400.000 Euro für altbackene und sexistische Kampagne
Prominentestes Gesicht der Kampagne ist die 18-jährige Alicija, Teilnehmerin der aktuellen Staffel von Germany‘s next Topmodel – und das war ganz schön teuer. Spätestens hier muss man sich an den Kopf fassen, denn während das Bundesverkehrsministerium 400.000 Euro für die Kampagne ausgibt, unterstützt ein anderes Bundesministerium den Kampf gegen sexistische Werbung. Das Bundesministerium für Familie, Senioren, Frauen und Jugend (BMFSFJ) fördert das Projekt Werbemelder*in von Pinkstinks, wo sexistische Werbung gemeldet werden kann. Ausgerechnet die neue Kampagne des BVMI ist ein Paradebeispiel für sexistische Werbung.

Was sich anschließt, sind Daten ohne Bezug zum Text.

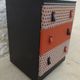 Three-drawer wooden and faux leather chest of drawers on wheels, completely refurbished.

Germany’s Next Topmodel Kandidatin ist schlechtes Rollenvorbild
Ein junge Frau, die an einer erniedrigenden Castingshow teilnimmt als Rollenvorbild für Jugendliche und junge Erwachsene auszuwählen erscheint bizarr. Die Castingshow spricht überwiegend junge Frauen an und geht zum Glück an vielen Menschen einfach vorbei. Großformatige Werbung im Stadtgebiet aber nicht. Warum, lieber Herr Scheuer, nutzen sie die veraltete Maxime „Sex sells“, anstatt mal etwas Neues probieren? Warum trifft die Agentur Scholz & Friends, die hinter der Kampagne steckt, nicht den Zeitgeist? Schon mal etwas von Influencer*innen gehört? Es kann so einfach sein, junge Menschen aller Geschlechter zu erreichen. Setzen Sie doch einfach ein paar Influencer*innen mit Fahrradhelm aufs Rad und lichten diese im Straßenverkehr ab. Schön wäre es, wenn sie dabei ihre Kleidung anbehalten dürften.

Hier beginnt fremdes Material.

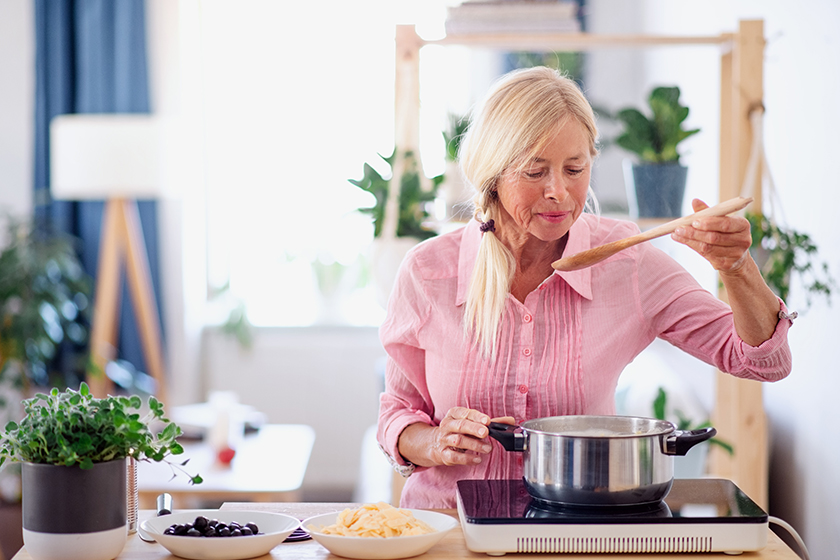 senior woman cooking in kitchen senior woman cooking in kitchen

Auch der Slogan „Looks like shit. But saves my life.“ ist kontraproduktiv. Das Ministerium begründet den Spruch damit, dass der Großteil der 17 -bis 30-Jährigen aus ästhetischen Gründen keinen Helm trägt. Auf großen Plakatwänden bestätigt ihnen das BMVI, dass Radhelme scheiße aussehen. Super Idee, um Menschen für den Fahrradhelm zu begeistern!

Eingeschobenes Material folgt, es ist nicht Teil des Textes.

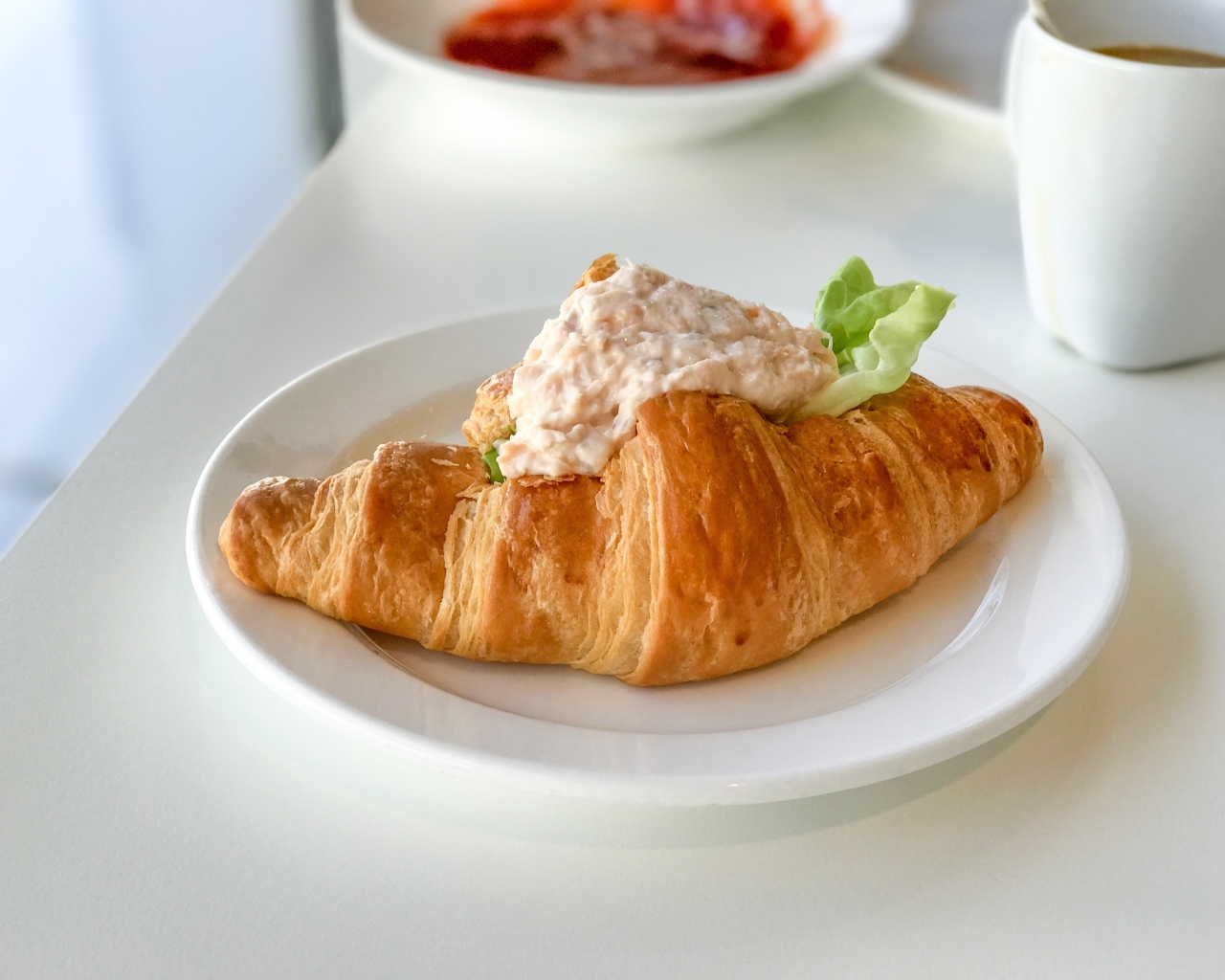 Круассан с начинкой на белой тарелке на завтрак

? großartig zusammengefasst!
Vielen Dank dafür!
So eine beschissene Kampagne… schade!
Ich werde mein „Monstrum“ weiter tragen. Auf dem Rad und angezogen.
Ein Unfall im engen Familienkreis, der ohne Helm sicher nicht so glimpflich ausgegangen wäre, führte dazu, dass ich ihn nun immer aufsetze. Berichte darüber würden vielleicht eher helfen den Helm aufzusetzen.